# Tutorial 10 - DMA Memory

There's a secret I haven't told you! A certain part of our code doesn't work
anymore since the [virtual memory](../0D_virtual_memory) tutorial. There is a
regression that manifests in the `Videocore Mailbox` driver. It will only work
until **paging and caching** is switched on. Afterwards, the `call()` method
will fail. Why is that?

The reason is that in our code, the RPi's processor is sharing a `DRAM buffer`
with the `Videocore` device. In other words, the concept of **shared memory** is
used. Let's recall a simplified version of the protocol:

1. RPi `CPU` checks the `STATUS` MMIO register of the `Videcore` if a message can
   be written.
2. If so, `CPU` writes the address of the `DRAM buffer` in which the actual
   message is stored into the `Videocore`'s `WRITE` MMIO register.
3. `CPU` checks the `STATUS` and `READ` MMIO registers if the Videocore has
   answered.
4. If so, `CPU` checks the first `u32` word of the earlier provided `DRAM buffer`
   if the response is valid (the `Videocore` puts its answer into the same buffer
   in which the original request was stored. This is what is commonly called
   a `DMA` transaction).

At step **4**, things break. The reason is that code and **page tables** were
set up in a way that the `DRAM buffer` used for message exchange between `CPU`
and Videcore is attributed as _cacheable_.

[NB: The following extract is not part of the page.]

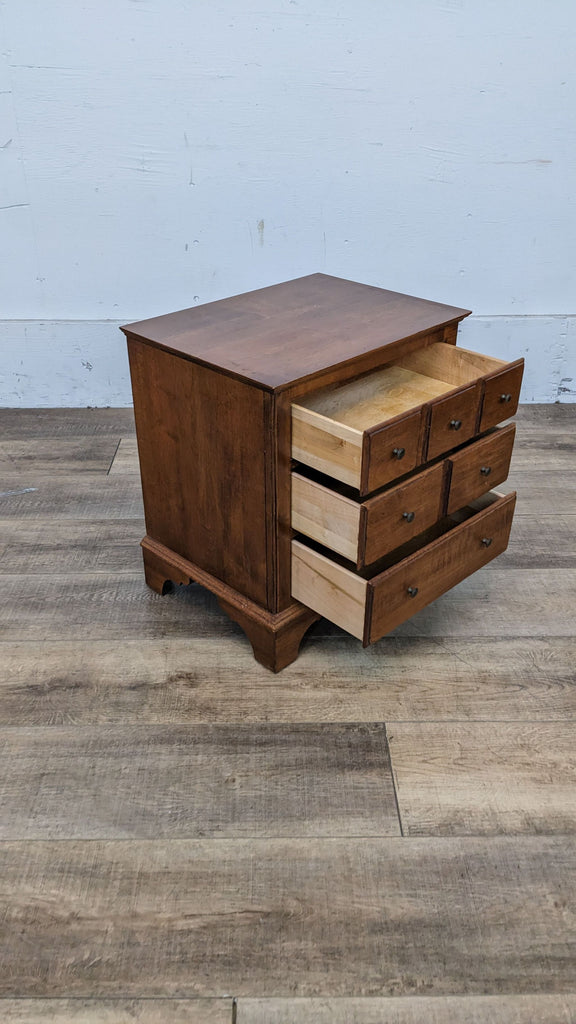 Side view of an Ethan Allen wooden end table with some drawers open.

So when the `CPU` is writing to the buffer, the contents might not get written
back to `DRAM` in time before the notification of a new message is signaled to
the Videocore via the `WRITE` MMIO register (which is correctly attributed as
device memory in the page tables and hence not cached).

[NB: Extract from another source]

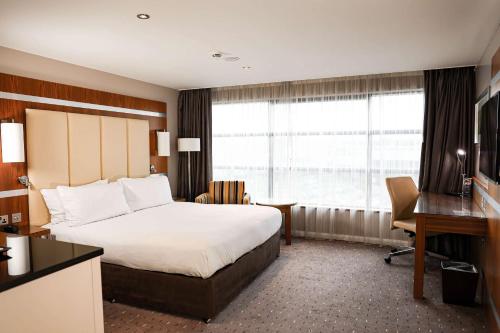 um quarto de hotel com uma cama, uma secretária e uma janela em DoubleTree By Hilton Milton Keynes em Milton Keynes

Even if the contents would land in `DRAM` in time, the `Videocore`'s answer
which overwrites the same buffer would not be reflected in the `CPU`'s cache,
since there is no coherency mechanism in place between the two. The RPi `CPU`
would read back the same values it put into the buffer itself when setting up
the message, and not the `DRAM` content that contains the answer.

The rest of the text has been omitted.